Discharged from the Army on May 29, 1956, Carter returned to Paterson with the intention of becoming a professional prizefighter. But he quickly discovered that he could not elude his past. He was arrested on July 23 for escaping from Jamesburg and sent to Annandale Reformatory, where inmates’ short-short pants evoked the image of incarcerated Little Bo Peeps. Carter was released from Annandale on May 29, 1957, but embittered about his reincarceration, he shelved his boxing ambitions, got a job at a plastics factory, and began drinking heavily. He liked to spend time at Hogan’s, a club that attracted pimps and hustlers, pool sharks, and virtually every would-be gangster in the black community. Carter was enthralled by the diamonds they wore, the bills they flashed, and the luster of their shoes.

Less than five weeks after he was released from Annandale, Carter left Hogan’s one day after a good deal of drinking. Walking through Paterson, he went on a brief, reckless crime spree. He ripped a purse from a woman, a block later struck a man with his fist, then robbed another man of his wallet. All the victims were black. When Carter reported to work the next day, the police arrested him. He pled guilty to the charges of robbery and assault but could never explain or excuse why he committed the crimes. He served time in both Rahway and Trenton state prisons, where he received various disciplinary citations for refusing to obey orders and fighting with other inmates. He did not make a particularly good impression on prison psychologists. In a report dated August 30, 1960, one psychologist, Henri Yaker, commented on Carter:

He continues to be an assaultive, aggressive, hostile, negativistic, hedonistic, sadistic, unproductive and useless member of society who will live from society by mugging and who thinks he is superior. He has grandiose paranoid delusions about himself. This individual is as dangerous to society now as the day he was incarcerated and he will not be in the streets long before he will be back in this or some other institution.

Carter was released from prison in September 1961, but that description—assaultive, sadistic, useless—would be used against him long into the future.

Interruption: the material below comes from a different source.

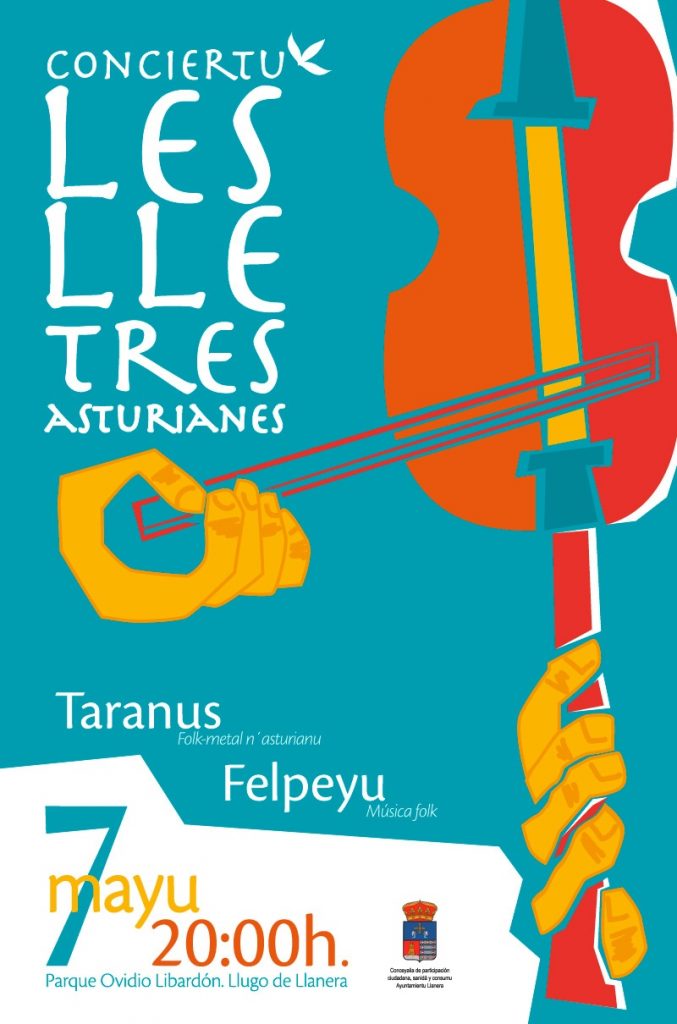 Cartel e ilustración para el concierto en asturiano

In the sixties, the center of the boxing universe was the old Madison Square Garden, with dingy, gray locker rooms and a balcony where rowdy fans threw whiskey bottles at the well – dressed patrons below. During bouts, a haze of smoke from unfiltered cigarettes hovered in the air. Men in sport shirts sipped from tin flasks in between rounds, while other fans sat with cigars, lit or unlit, that never left their lips. The Friday-night fights, televised across the country and sponsored by the Gillette Company, were an institution, and a marquee boxer could earn tens of thousands of dollars. But before reaching the big time, the pugs had to fight in satellite arenas in Pittsburgh, Philadelphia, Boston, Chicago, Akron, and elsewhere. In later years, cable television would put any hot boxing prospect on the air after only a few fights. But at this time fighters typically had to learn their craft and pay their dues over several years before receiving that sort of publicity.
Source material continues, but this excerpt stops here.